Sunday, January 13, 2019

Poetry Sunday: Mending Wall by Robert Frost

I've featured this poem here before but it has been almost five years. Time to bring it out again. It seems appropriate for this moment.

The story is this: Two neighbors - in New England, naturally - meet at a given time to repair the stone wall between their two properties. The wall may have been damaged by the freezing and thawing of the ground underneath it or the damage might have been done by thoughtless hunters, but now there are gaps that need to be mended. 

As the two talk, we see two philosophies about walls. One neighbor opines, "Good fences make good neighbours." But the other asks a very pertinent question: "Why do they make good neighbours?"

And he goes on:


   Before I built a wall I'd ask to know 
   What I was walling in or walling out, 
   And to whom I was like to give offence.

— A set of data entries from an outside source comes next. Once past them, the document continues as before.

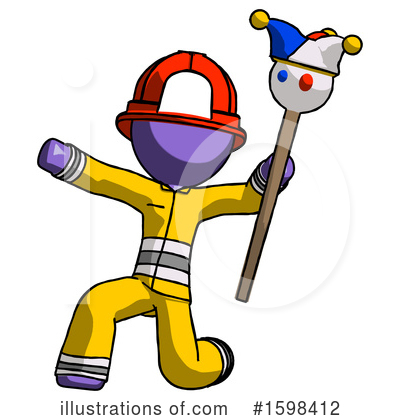 Royalty-Free (RF) Purple Design Mascot Clipart Illustration by Leo Blanchette - Stock Sample #1598412
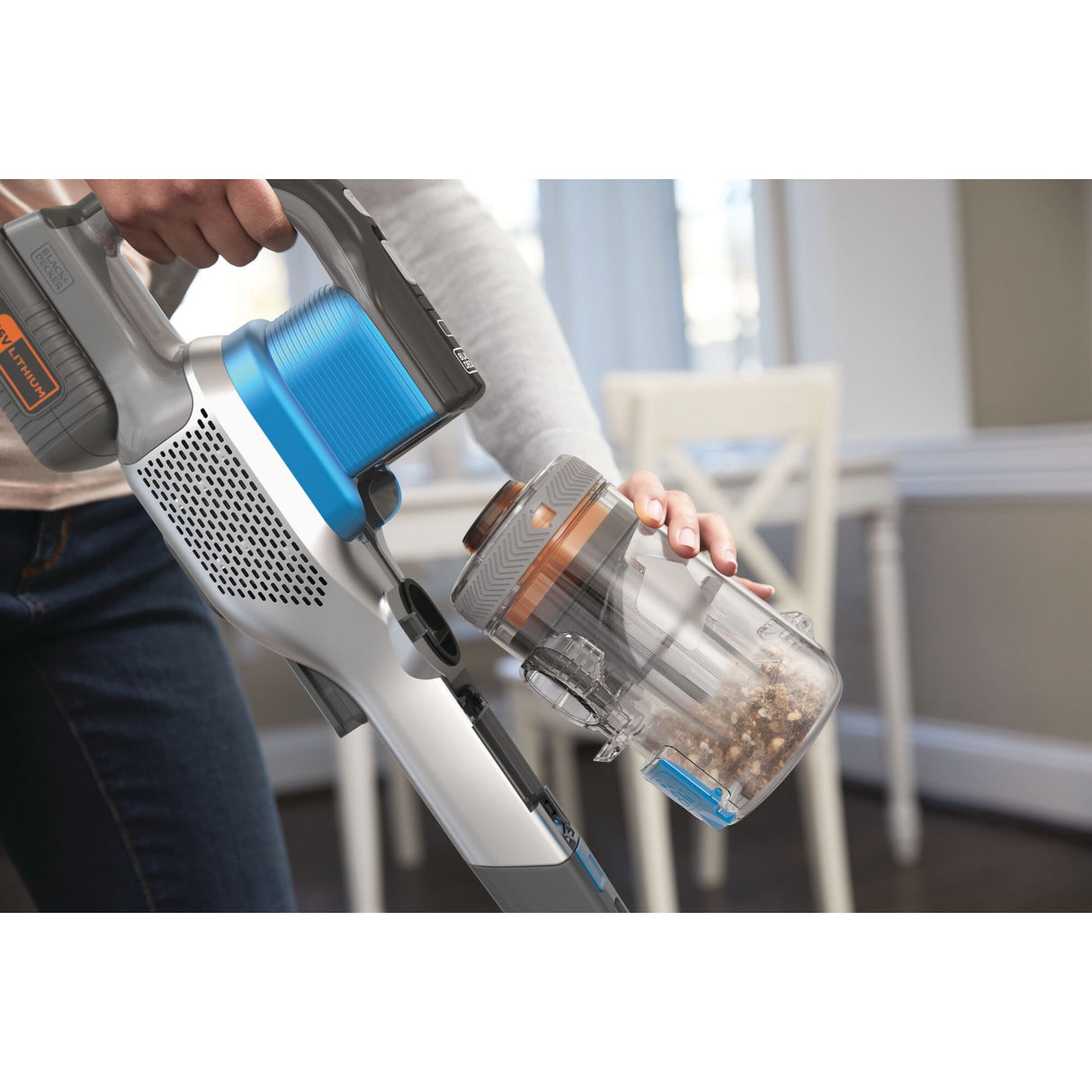 BLACK+DECKER Aspirateur balai sans fil Powerseries Extreme 36V BHFEV362D-QW
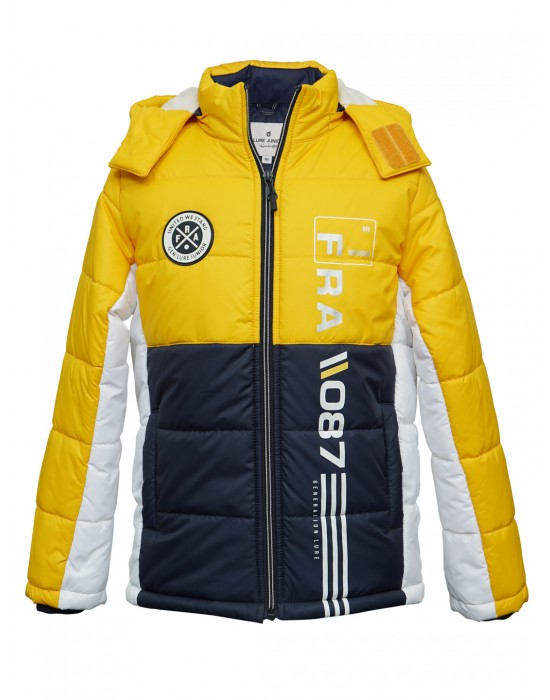 Boys Sporty  jacket bright yellow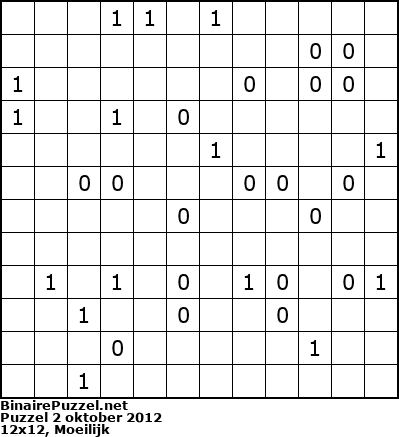 Binaire Puzzel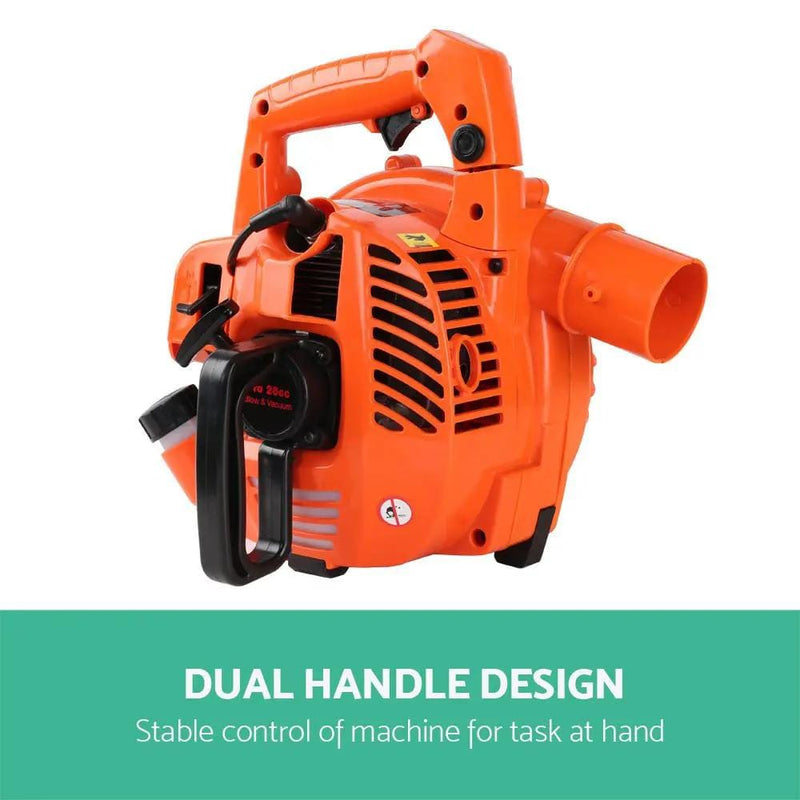 SportZone.co.nz Tools > Power Tools > Outdoor Power Equipment Giantz Petrol Leaf Blower Garden Vacuum Handheld Commercial Outdoor Tool 36CC Giantz Petrol Leaf Blower Garden Vacuum Handheld Commercial Outdoor Tool 36CC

Something there is that doesn't love a wall, but there's no persuading his neighbor.  

Mending Wall

by Robert Frost


Something there is that doesn't love a wall,
That sends the frozen-ground-swell under it,
And spills the upper boulders in the sun;
And makes gaps even two can pass abreast.
The work of hunters is another thing:
I have come after them and made repair
Where they have left not one stone on a stone,
But they would have the rabbit out of hiding,
To please the yelping dogs. The gaps I mean,
No one has seen them made or heard them made,
But at spring mending-time we find them there.
I let my neighbour know beyond the hill;
And on a day we meet to walk the line
And set the wall between us once again.
We keep the wall between us as we go.
To each the boulders that have fallen to each.
And some are loaves and some so nearly balls
We have to use a spell to make them balance:
"Stay where you are until our backs are turned!"
We wear our fingers rough with handling them.
Oh, just another kind of out-door game,
One on a side. It comes to little more:
There where it is we do not need the wall:
He is all pine and I am apple orchard.
My apple trees will never get across
And eat the cones under his pines, I tell him.
He only says, "Good fences make good neighbours."
Spring is the mischief in me, and I wonder
If I could put a notion in his head:
"Why do they make good neighbours? Isn't it
Where there are cows? But here there are no cows.
Before I built a wall I'd ask to know
What I was walling in or walling out,
And to whom I was like to give offence.
Something there is that doesn't love a wall,
That wants it down." I could say "Elves" to him,
But it's not elves exactly, and I'd rather
He said it for himself. I see him there
Bringing a stone grasped firmly by the top
In each hand, like an old-stone savage armed.
He moves in darkness as it seems to me,
Not of woods only and the shade of trees.
He will not go behind his father's saying,
And he likes having thought of it so well
He says again, "Good fences make good neighbours."

6 comments:

  1. It seems that last line gets quoted more than the first.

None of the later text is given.